What is required:
Could you output every record below exactly, leaving out the pictures?

Pictures with short captions:

------------------------------------

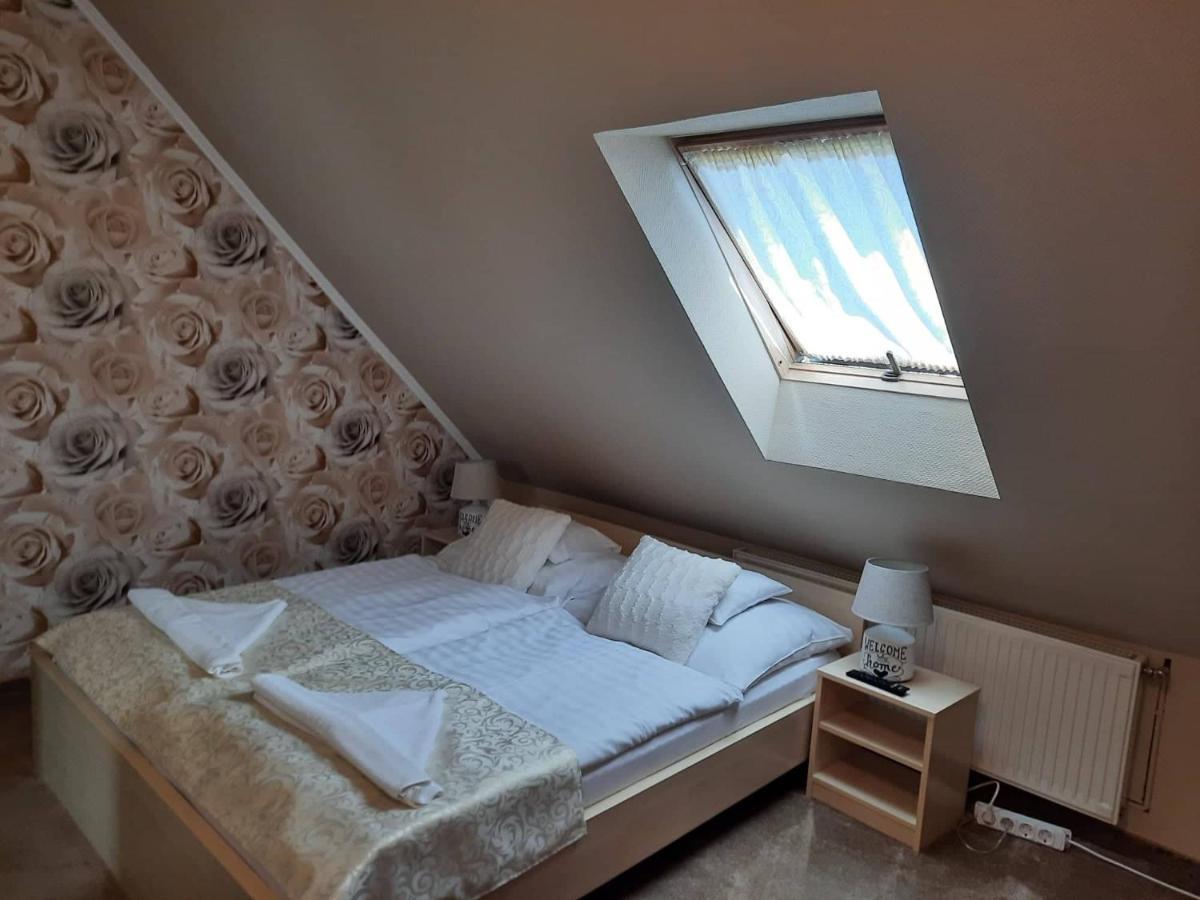 Kek Laguna Wellness Apartmanok Egerszalok Ngoại thất bức ảnh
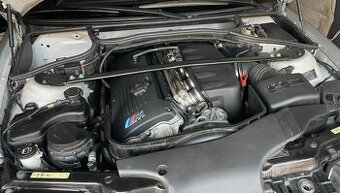 Motor S54B32 M3 E46 - servisovaný (stále v autě)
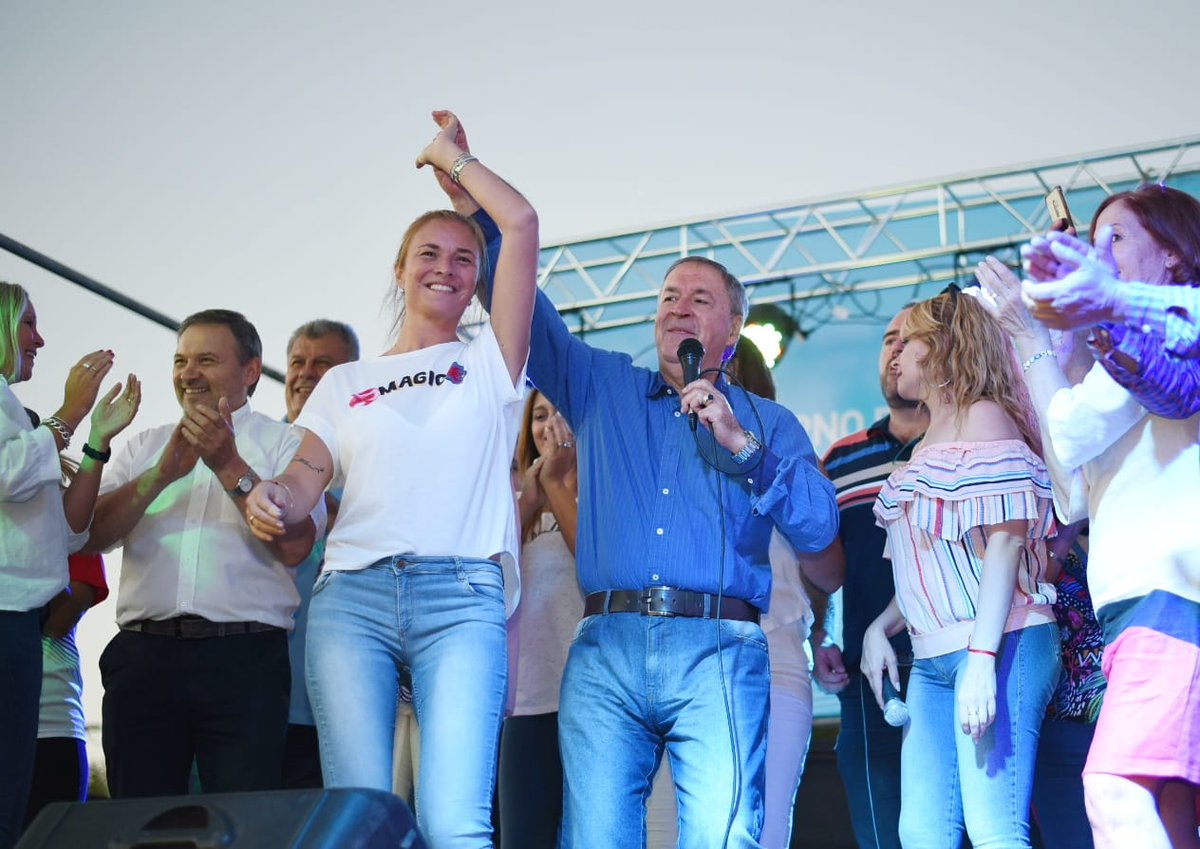 debopetra's tweet photo. #DerechoAlVerano #Edicion2019
Junto a nuestro Gobernador @JSchiaretti, @alevigo @julitarinaldi @JureLau @raullacava y cientos de cordobeses inauguramos a todo ritmo #DerechoAlVerano en el IPV de #Arguello. 🌞🌞🍦🍦 https://t.co/vTNblrrnq6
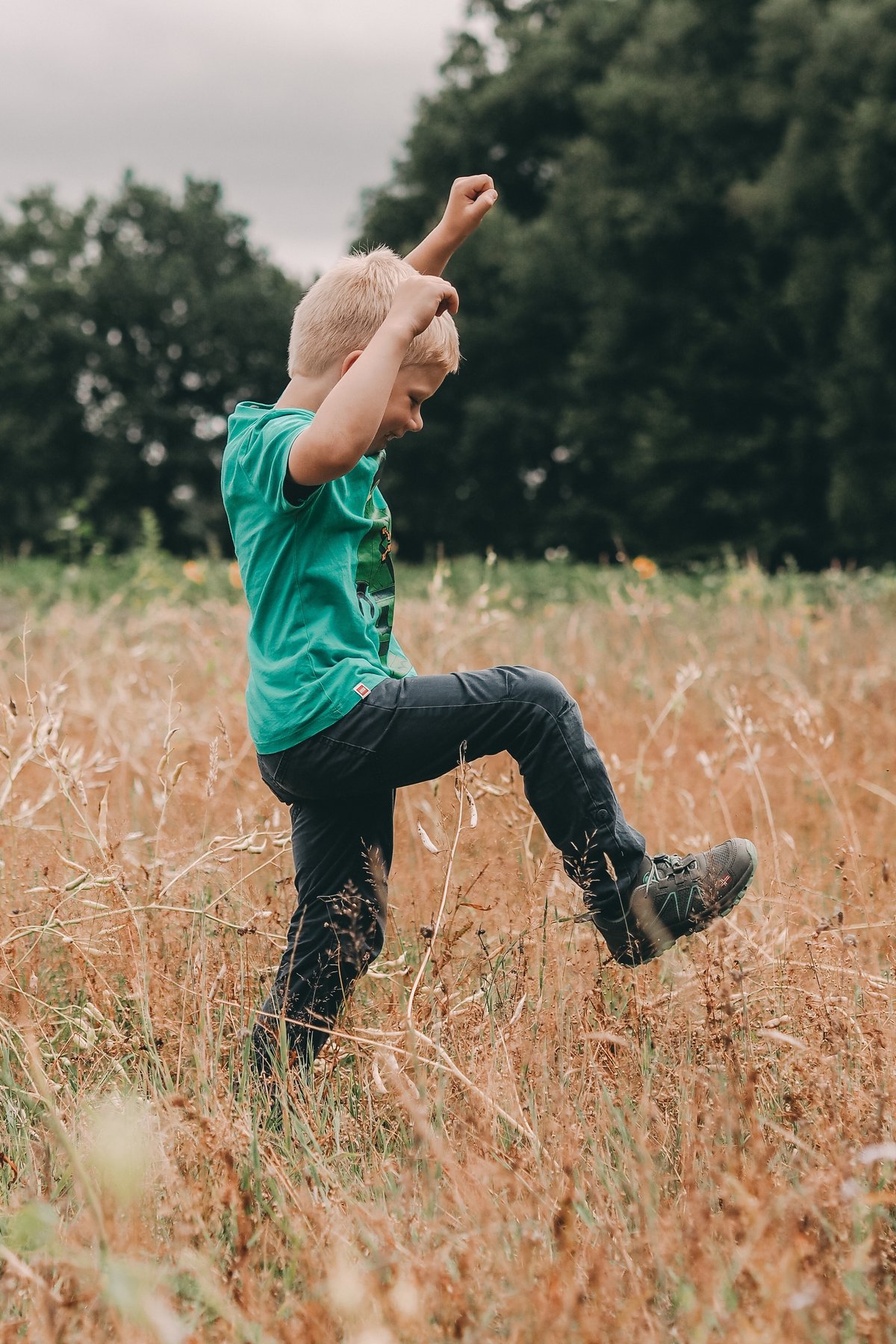 Bild: Britta Nagel Ein Junge springt durch ein Kornfeld.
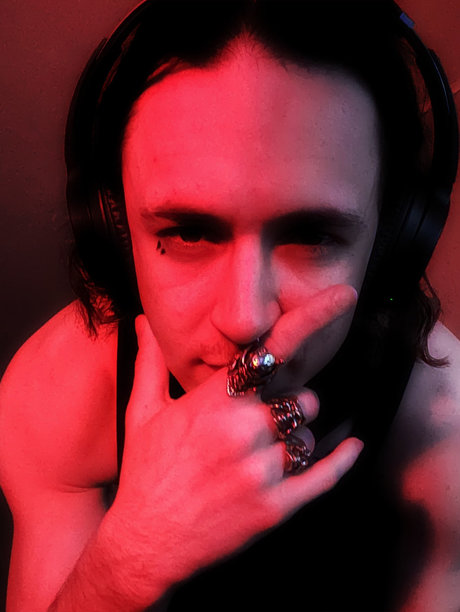 Foto di nudo di fuga di OnlyFans di R3bornthephoenix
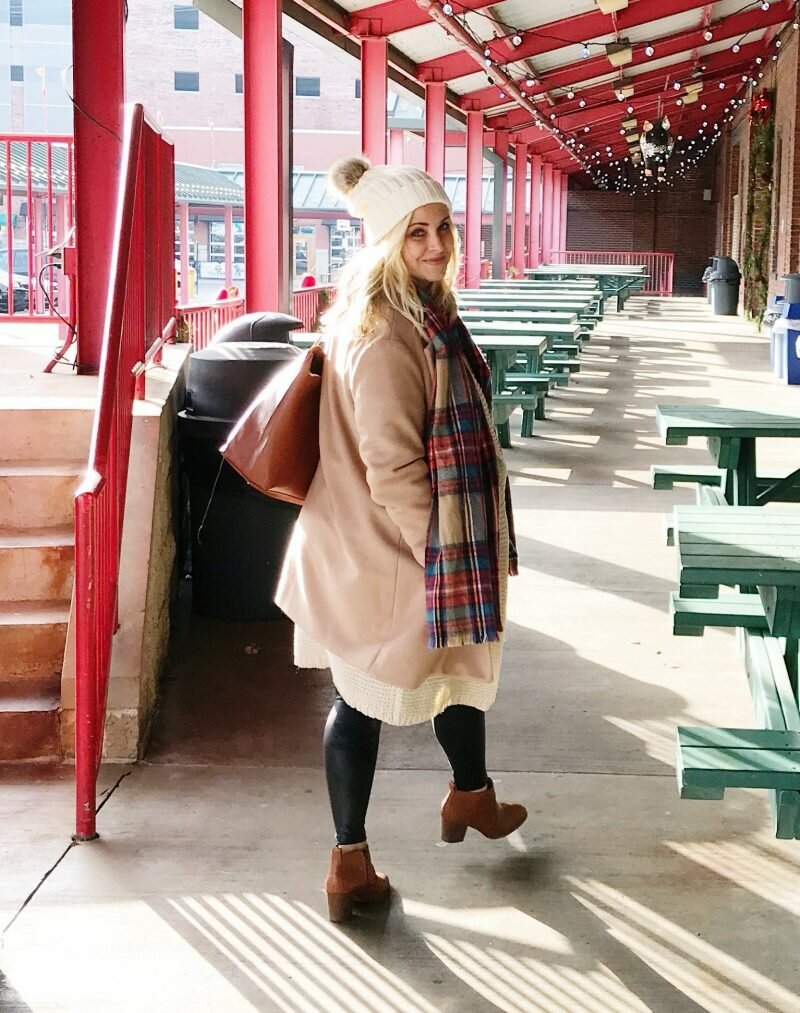 Winter Style: Lots of Layers + Plaid on Plaid #holidaystyle #winterstyle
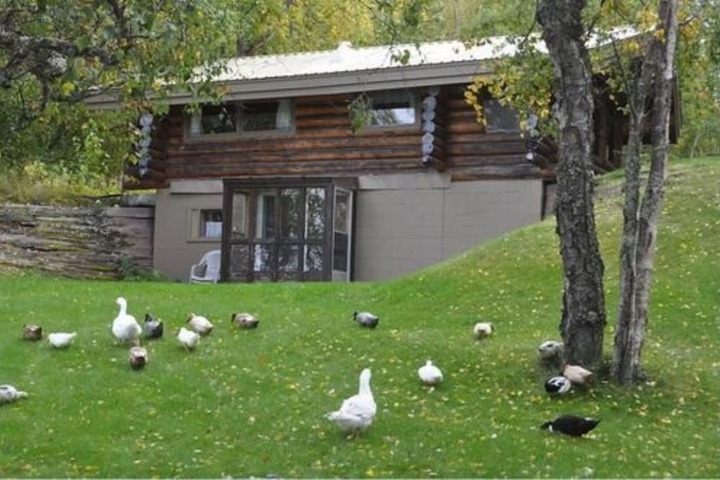 Daniels Lake Lodge B & B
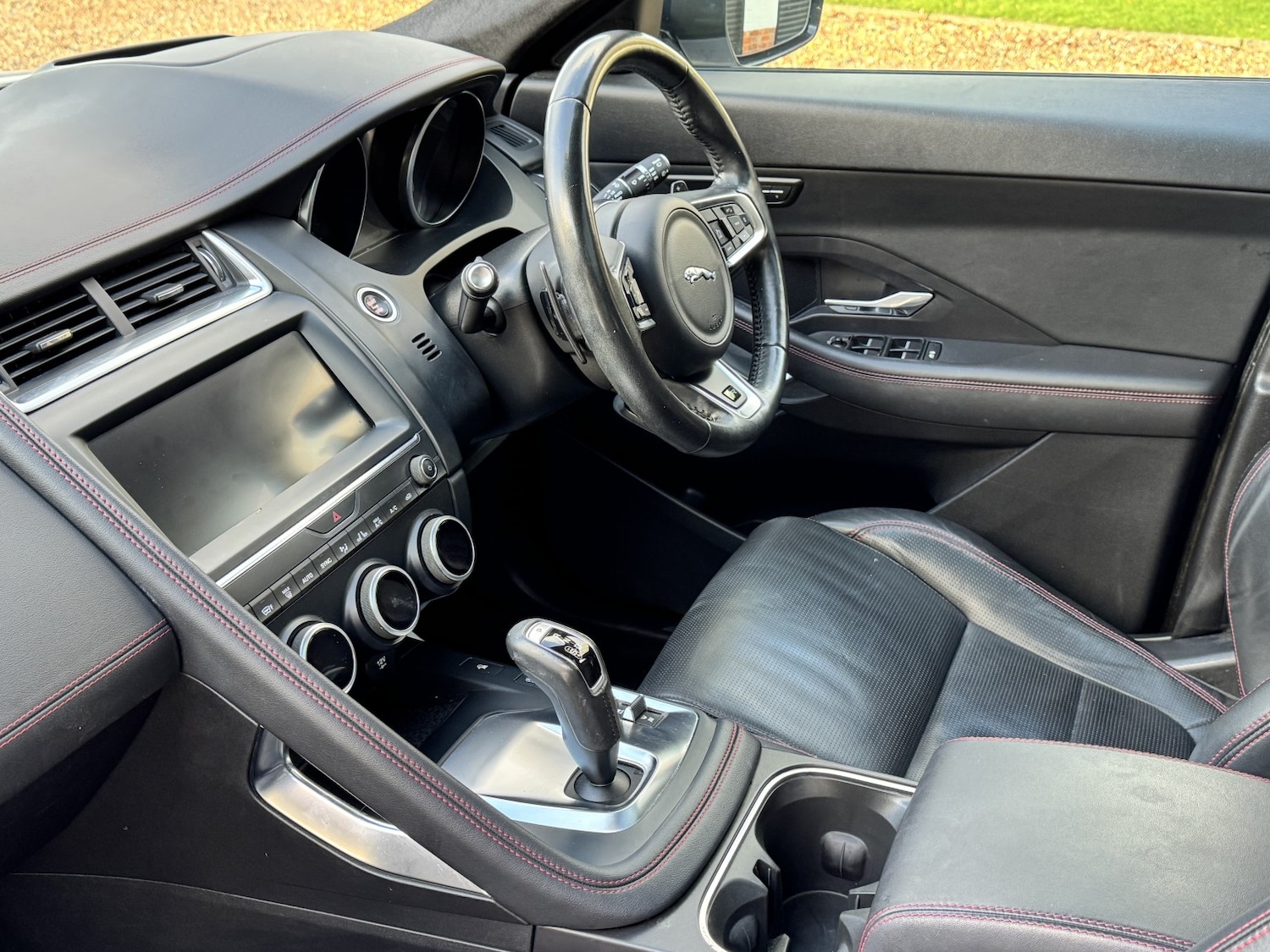 Used Jaguar E-Pace 2018 for sale - 76107288: Photo 5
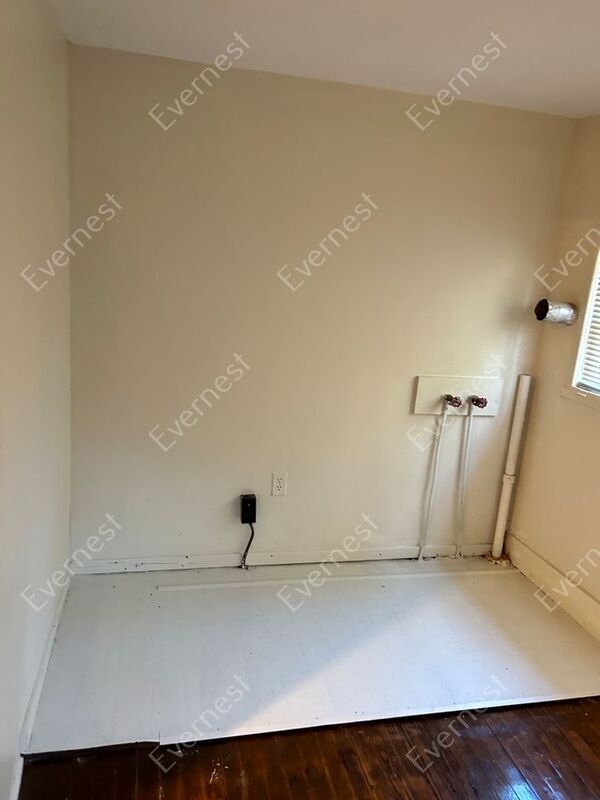 Building Photo - 8229 2nd Ave S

------------------------------------

Answer section:
 Kek Laguna Wellness Apartmanok Egerszalok Ngoại thất bức ảnh
 Motor S54B32 M3 E46 - servisovaný (stále v autě)
 debopetra's tweet photo. #DerechoAlVerano #Edicion2019
Junto a nuestro Gobernador @JSchiaretti, @alevigo @julitarinaldi @JureLau @raullacava y cientos de cordobeses inauguramos a todo ritmo #DerechoAlVerano en el IPV de #Arguello. 🌞🌞🍦🍦 https://t.co/vTNblrrnq6
 Bild: Britta Nagel Ein Junge springt durch ein Kornfeld.
 Foto di nudo di fuga di OnlyFans di R3bornthephoenix
 Winter Style: Lots of Layers + Plaid on Plaid #holidaystyle #winterstyle
 Daniels Lake Lodge B & B
 Used Jaguar E-Pace 2018 for sale - 76107288: Photo 5
 Building Photo - 8229 2nd Ave S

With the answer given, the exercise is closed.